(Short descriptive text snippets)
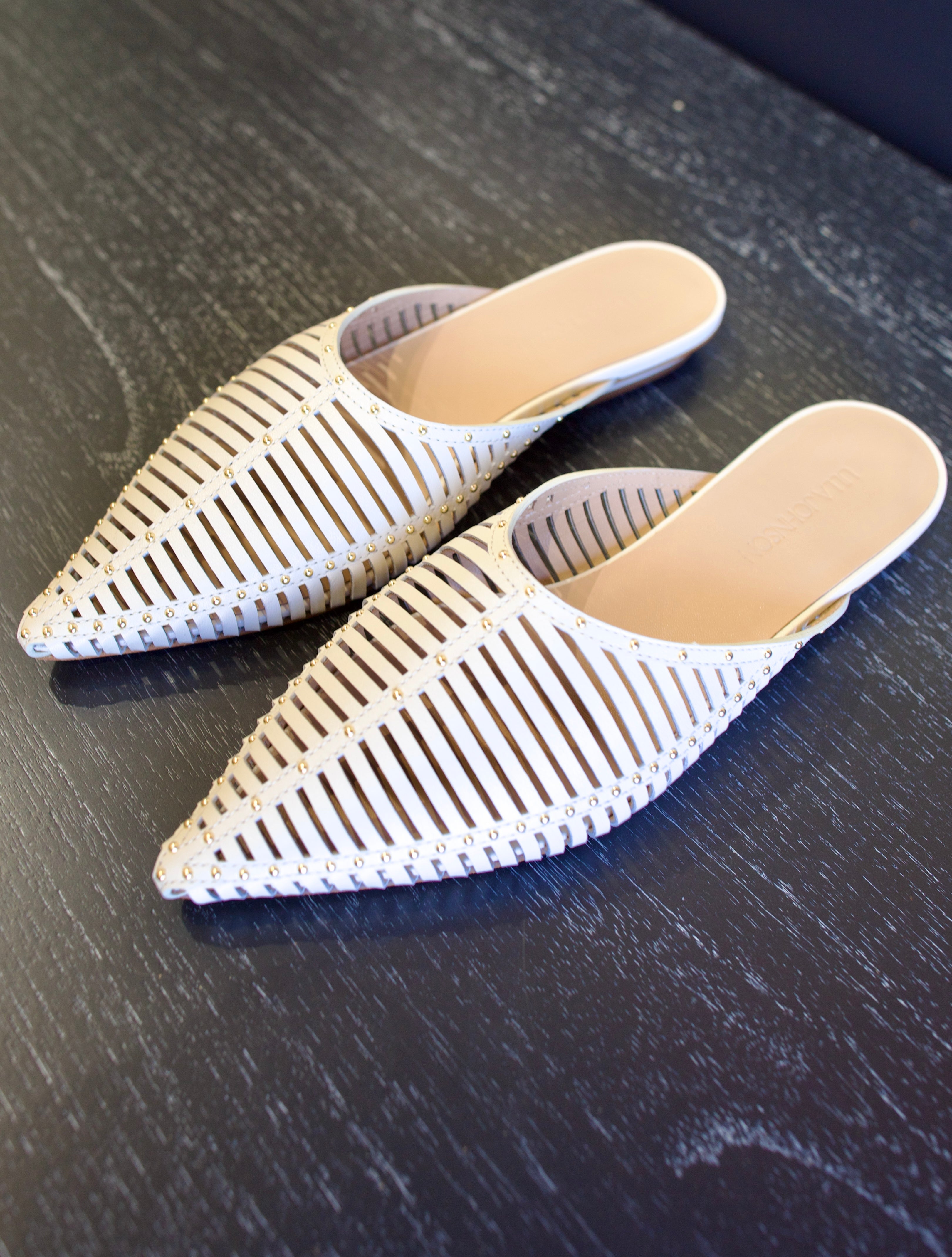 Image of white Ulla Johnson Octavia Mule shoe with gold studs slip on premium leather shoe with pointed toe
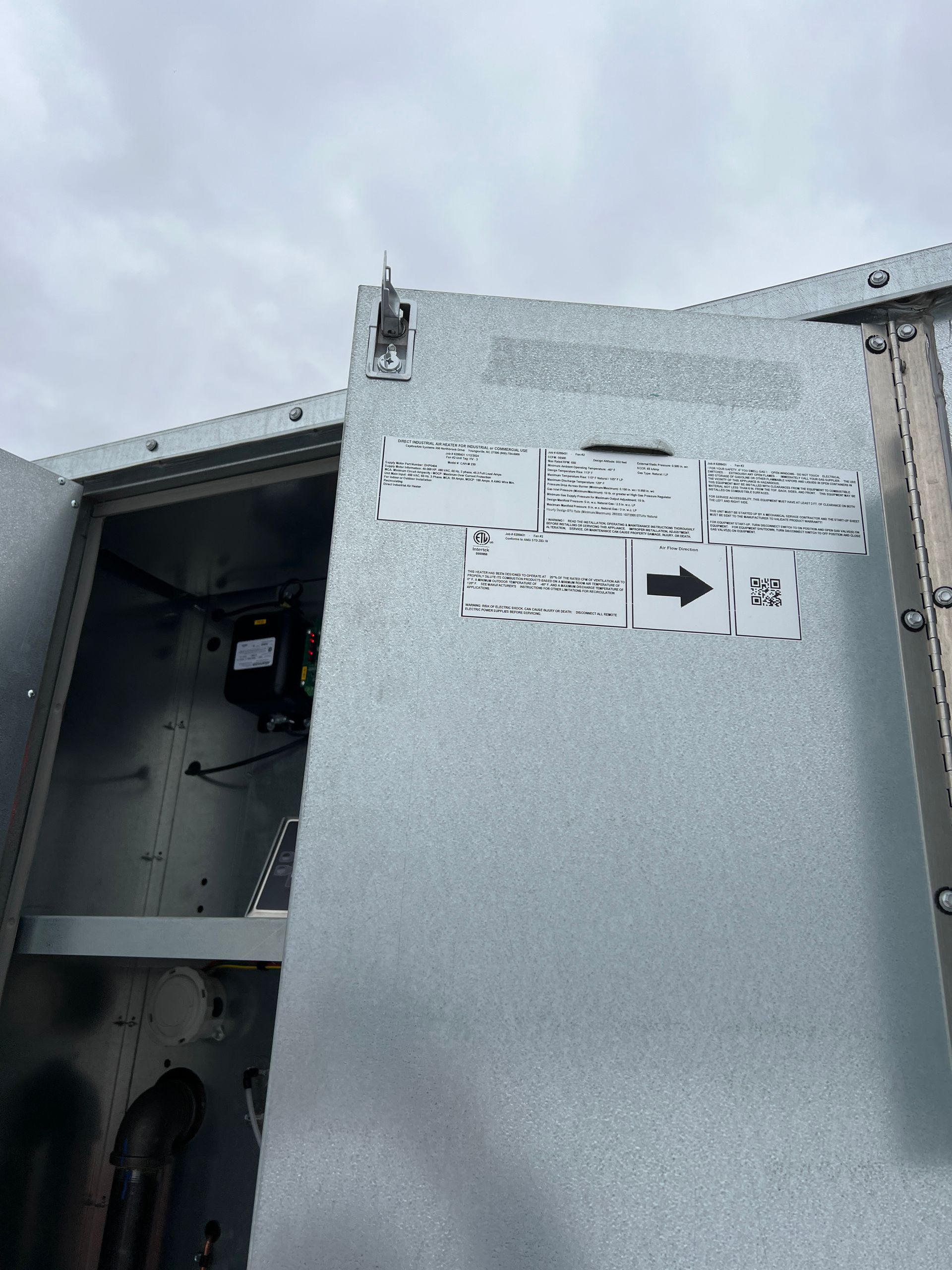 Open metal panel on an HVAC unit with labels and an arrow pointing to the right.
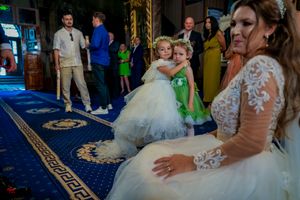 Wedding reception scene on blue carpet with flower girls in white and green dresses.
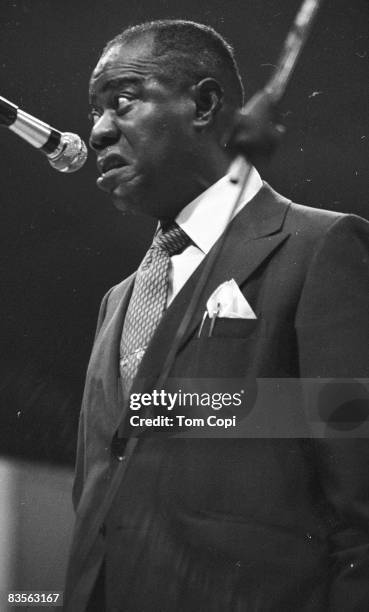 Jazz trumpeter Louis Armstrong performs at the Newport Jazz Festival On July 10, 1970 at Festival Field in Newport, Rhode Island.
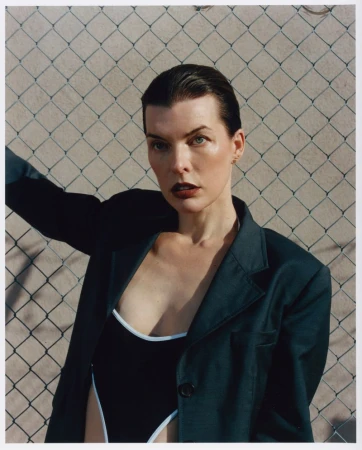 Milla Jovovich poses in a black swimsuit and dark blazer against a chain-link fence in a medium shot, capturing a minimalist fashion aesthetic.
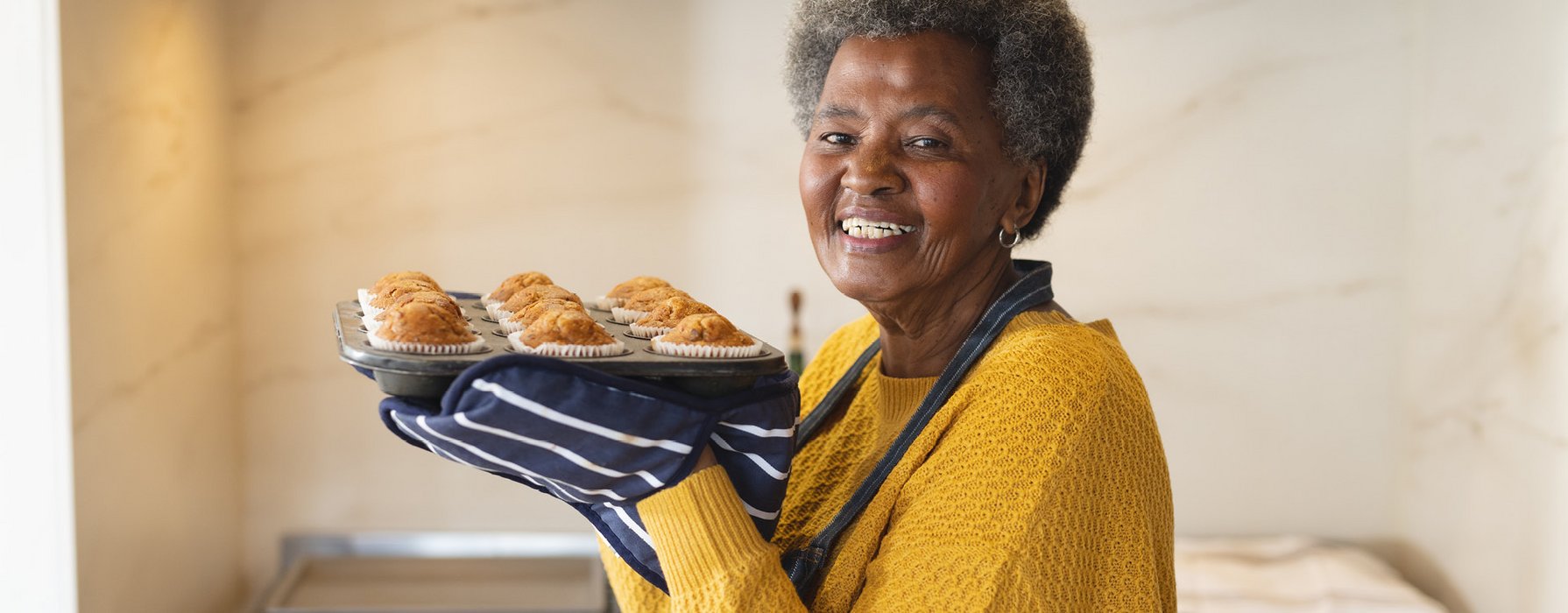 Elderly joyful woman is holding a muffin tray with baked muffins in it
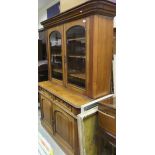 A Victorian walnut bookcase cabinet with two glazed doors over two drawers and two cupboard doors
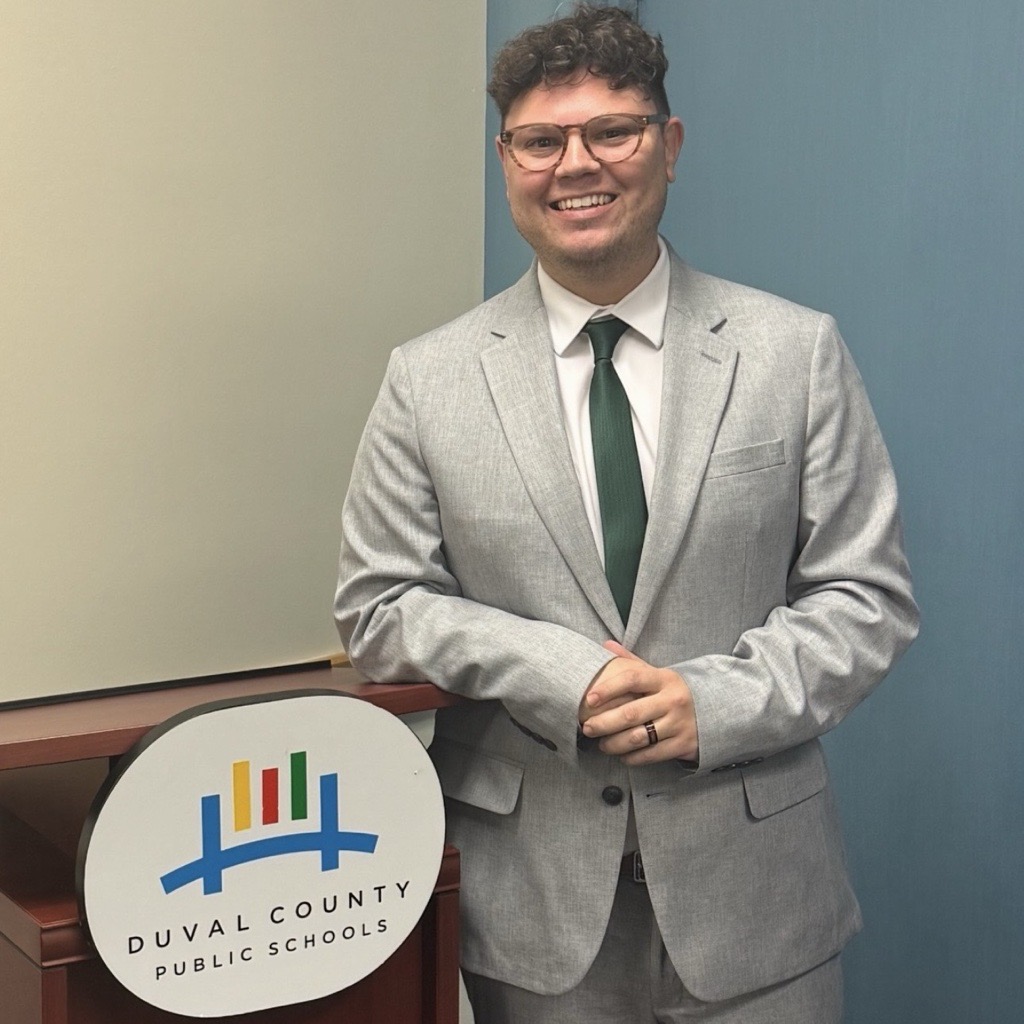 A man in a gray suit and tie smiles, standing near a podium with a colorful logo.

- **WORK ORDER**
Your answer must consist only of the lines from the one containing "Elderly joyful woman" through the end of the entries, restated word for word, with no pictures.

- **SOLUTION**
 Elderly joyful woman is holding a muffin tray with baked muffins in it
 A Victorian walnut bookcase cabinet with two glazed doors over two drawers and two cupboard doors
 A man in a gray suit and tie smiles, standing near a podium with a colorful logo.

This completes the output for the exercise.